The diagram below shows the typical timing with only one transmitted byte shown:
The TAP works as 2 phases in half-duplex, so Din and Dout may share a tristate pin for example. The /WR pin controls the phase and things happen during these transitions.
- Going from high to low starts transfer on Din into the TAP, "full bytes" at a time (the number of bits is always a multiple of 8, MSB first to follow the common SPI standard). Each bit is sampled on the rising edge of the clock. The delay from a to b , as well as c to d, is typically one clock cycle to give enough settling time to the internal counter.
- Going from low to high starts the shifting out of the data from the TAP to the host controller. The 64 bits are serialised with the MSB first, followed by bits from shuffled positions. Bit 63 is presented very soon after the transition (see d->e) so it can be polled without having to shift data or trigger a SPI byte shift. If more than 64 clock pulses are sent, the internal counter wraps around and serialises the same sequence of bits (though their values might have changed since).

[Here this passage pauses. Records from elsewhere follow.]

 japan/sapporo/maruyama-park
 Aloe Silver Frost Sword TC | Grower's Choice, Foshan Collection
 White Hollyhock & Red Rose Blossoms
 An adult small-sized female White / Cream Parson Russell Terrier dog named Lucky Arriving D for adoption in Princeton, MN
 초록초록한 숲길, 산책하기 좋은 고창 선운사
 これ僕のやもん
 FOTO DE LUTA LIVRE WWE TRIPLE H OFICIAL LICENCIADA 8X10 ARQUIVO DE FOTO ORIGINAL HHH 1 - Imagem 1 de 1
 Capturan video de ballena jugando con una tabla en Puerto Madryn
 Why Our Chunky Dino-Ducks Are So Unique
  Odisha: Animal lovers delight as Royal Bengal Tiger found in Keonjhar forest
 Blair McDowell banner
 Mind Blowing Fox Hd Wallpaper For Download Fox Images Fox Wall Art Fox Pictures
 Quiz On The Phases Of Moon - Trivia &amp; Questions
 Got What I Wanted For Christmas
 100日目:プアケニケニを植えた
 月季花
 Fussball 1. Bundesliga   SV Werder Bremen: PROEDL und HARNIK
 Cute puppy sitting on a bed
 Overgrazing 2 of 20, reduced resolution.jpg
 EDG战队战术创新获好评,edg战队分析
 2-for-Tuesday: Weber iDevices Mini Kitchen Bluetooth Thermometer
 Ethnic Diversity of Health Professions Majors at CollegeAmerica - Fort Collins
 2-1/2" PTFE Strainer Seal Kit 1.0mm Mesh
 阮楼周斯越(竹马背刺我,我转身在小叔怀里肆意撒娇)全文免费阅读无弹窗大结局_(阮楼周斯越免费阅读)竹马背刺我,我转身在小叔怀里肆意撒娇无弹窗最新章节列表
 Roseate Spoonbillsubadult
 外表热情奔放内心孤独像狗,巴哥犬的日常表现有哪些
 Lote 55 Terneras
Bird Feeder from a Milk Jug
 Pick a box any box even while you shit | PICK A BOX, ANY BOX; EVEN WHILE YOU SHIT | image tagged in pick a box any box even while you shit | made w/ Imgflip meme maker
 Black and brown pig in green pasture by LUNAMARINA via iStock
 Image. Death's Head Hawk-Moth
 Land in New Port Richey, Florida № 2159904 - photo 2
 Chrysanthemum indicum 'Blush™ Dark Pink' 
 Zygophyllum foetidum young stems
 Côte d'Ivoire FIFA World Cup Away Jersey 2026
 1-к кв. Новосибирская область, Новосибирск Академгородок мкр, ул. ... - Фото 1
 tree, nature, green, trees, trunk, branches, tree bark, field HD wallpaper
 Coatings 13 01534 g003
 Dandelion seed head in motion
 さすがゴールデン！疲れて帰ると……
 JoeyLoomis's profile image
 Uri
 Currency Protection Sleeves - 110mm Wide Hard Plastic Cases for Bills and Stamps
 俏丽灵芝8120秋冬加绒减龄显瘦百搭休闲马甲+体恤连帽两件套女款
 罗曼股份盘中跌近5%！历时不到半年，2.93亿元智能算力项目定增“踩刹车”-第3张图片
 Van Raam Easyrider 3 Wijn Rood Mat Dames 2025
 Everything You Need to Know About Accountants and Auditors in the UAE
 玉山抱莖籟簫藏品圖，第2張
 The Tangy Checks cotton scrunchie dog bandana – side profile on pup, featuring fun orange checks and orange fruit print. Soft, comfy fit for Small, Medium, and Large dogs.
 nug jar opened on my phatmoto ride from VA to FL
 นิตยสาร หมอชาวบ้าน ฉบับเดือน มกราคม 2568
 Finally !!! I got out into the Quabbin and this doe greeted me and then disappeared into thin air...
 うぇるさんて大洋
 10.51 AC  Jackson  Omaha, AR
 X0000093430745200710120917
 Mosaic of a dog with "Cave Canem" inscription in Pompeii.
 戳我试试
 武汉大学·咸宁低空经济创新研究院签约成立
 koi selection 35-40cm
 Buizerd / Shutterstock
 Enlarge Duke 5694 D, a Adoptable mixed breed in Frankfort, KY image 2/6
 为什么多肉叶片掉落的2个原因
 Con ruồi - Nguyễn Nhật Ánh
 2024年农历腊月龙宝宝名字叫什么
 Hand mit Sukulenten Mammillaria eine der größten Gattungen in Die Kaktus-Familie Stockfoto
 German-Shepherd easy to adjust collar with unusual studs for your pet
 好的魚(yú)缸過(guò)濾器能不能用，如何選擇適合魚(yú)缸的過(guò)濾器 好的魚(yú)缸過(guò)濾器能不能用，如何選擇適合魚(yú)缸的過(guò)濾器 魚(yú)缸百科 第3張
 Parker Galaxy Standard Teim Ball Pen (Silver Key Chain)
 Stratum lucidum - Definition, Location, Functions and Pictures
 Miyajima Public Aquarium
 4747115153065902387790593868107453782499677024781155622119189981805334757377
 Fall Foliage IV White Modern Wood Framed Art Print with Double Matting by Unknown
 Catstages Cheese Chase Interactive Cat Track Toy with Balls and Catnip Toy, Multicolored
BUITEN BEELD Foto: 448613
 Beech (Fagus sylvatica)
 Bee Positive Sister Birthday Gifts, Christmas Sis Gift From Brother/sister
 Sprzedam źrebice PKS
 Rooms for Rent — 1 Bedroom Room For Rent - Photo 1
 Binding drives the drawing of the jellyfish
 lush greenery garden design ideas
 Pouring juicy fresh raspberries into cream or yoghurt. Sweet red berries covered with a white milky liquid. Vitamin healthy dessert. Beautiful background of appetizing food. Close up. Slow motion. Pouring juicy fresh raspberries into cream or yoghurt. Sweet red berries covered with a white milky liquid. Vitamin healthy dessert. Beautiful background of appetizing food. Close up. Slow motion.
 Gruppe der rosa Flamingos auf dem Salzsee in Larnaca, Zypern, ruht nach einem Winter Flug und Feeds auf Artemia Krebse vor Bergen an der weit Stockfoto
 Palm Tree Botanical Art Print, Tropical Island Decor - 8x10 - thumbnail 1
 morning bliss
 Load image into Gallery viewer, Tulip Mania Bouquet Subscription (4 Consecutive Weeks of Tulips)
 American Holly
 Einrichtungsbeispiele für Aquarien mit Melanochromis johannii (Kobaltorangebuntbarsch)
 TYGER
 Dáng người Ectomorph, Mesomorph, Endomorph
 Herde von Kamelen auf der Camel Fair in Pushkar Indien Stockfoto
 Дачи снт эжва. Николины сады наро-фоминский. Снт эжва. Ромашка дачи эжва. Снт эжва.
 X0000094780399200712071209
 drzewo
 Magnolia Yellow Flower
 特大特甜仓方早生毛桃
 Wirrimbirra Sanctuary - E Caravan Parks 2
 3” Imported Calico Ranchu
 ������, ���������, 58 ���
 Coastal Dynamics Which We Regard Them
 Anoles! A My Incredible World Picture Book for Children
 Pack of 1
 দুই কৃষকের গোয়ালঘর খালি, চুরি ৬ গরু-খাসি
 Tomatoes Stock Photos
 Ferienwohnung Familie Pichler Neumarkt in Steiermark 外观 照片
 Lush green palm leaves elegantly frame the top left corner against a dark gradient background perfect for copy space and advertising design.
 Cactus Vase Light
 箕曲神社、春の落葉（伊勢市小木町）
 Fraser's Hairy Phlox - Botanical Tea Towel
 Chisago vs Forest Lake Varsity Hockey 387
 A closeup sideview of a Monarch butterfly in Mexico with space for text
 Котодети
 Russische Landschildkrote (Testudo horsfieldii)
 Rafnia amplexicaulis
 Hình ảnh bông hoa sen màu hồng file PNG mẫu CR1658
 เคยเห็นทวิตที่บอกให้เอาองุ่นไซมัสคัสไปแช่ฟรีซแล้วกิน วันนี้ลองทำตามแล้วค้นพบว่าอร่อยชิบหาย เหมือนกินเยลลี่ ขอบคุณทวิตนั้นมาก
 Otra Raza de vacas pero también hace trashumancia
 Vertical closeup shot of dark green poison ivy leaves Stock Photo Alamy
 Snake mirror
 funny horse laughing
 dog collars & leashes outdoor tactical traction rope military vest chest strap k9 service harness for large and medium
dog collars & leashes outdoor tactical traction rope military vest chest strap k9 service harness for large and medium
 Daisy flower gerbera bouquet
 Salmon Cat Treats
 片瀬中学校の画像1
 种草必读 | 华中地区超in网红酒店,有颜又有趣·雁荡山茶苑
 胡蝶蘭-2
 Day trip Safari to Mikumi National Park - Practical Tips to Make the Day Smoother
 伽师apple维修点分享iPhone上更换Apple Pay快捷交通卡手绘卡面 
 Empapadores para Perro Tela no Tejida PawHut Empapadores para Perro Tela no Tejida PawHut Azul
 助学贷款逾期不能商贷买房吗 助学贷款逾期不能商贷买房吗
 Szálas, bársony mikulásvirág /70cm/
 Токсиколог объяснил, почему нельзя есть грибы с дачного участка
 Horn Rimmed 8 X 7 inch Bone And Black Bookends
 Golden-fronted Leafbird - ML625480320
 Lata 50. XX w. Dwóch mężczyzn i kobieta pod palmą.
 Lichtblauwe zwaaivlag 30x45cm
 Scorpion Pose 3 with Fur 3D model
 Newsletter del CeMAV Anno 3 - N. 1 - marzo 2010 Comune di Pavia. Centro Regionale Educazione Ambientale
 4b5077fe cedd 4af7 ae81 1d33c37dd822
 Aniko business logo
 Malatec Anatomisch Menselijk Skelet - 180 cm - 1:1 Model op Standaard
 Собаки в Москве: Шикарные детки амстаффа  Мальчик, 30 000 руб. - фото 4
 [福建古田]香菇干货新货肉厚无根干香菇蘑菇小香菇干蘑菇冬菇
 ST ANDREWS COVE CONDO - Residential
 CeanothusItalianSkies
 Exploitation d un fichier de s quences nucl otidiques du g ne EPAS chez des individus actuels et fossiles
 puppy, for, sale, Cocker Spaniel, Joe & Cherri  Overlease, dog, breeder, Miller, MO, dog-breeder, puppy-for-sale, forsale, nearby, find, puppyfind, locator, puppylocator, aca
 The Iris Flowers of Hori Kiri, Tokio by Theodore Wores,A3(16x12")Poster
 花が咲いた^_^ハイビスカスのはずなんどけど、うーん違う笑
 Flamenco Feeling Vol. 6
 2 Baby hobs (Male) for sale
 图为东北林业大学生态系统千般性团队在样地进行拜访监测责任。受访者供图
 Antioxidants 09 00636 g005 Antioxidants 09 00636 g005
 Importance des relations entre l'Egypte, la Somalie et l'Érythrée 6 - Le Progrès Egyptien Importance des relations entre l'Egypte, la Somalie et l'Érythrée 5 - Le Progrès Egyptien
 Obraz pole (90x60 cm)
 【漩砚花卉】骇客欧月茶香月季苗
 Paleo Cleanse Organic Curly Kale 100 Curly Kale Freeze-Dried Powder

For practical reasons, the Y8 has a selection of 64 bits to provide a (partial but sufficient) snapshot of the core's state. Instead of reading all the registers, only 4 byte values are available (SND, SRI, Result & PC), which already amounts to 32 bits. The remaining bits are further halved by providing the current instruction (16 bits). The rest is shared by the Status Flags (C, S, Z : 3 bits), the FSM status and a free byte (possibly multiplexed with the scan chain for a loopback test).
In a sense, the order matters little because the bits are scrambled anyway. With the serial TAP, the user must stream 64 bits every time to get everything (this is not the case though for the scan chains and this saves some time). However it's "good" that they fit with the structure of the tree, so it helps with place&route. "Just in case" I placed the fields in increasing order of granularity and relevance to the debugger (in case a byte-wide, or non-scrambled, interface is developed).
TAP/MUX64 allocation of the inputs : 8 bits : Status (Flags & FSM) 8 bits : (undefined, variable, switchable, maybe the selector address ?) 16 bits : Current Instruction being decoded 8 bits : PC 8 bits : RES 8 bits : SRI 8 bits : SND
- If a byte-parallel interface is defined, it gets the status immediately, without having to scan past the other bytes that might be unnecessary in a given context)
- This map is defined to be valid after a Null command, where the Selector is reset. Other registers (such as the breakpoints) could be selected by the Selector
- The debugger gets these 64 bits, regardless of the actual implementation : that is the "view" for the GUI which has to manage higher-level multiplexing, sequencing etc.
- The order of the bits matters. Beware with the mapping of MUX64 which can be bit-reversed or byte-reversed. The transient b7 of the first byte is always output first (even before the first clock pulse is sent) regardless of the permutation. This is used to poll the state of the FSM and check when a Trap occurred (for example). Instead of shifting all the 8 bytes, the controller can simply read the Dout bit repeatedly, without sending a clock cycle.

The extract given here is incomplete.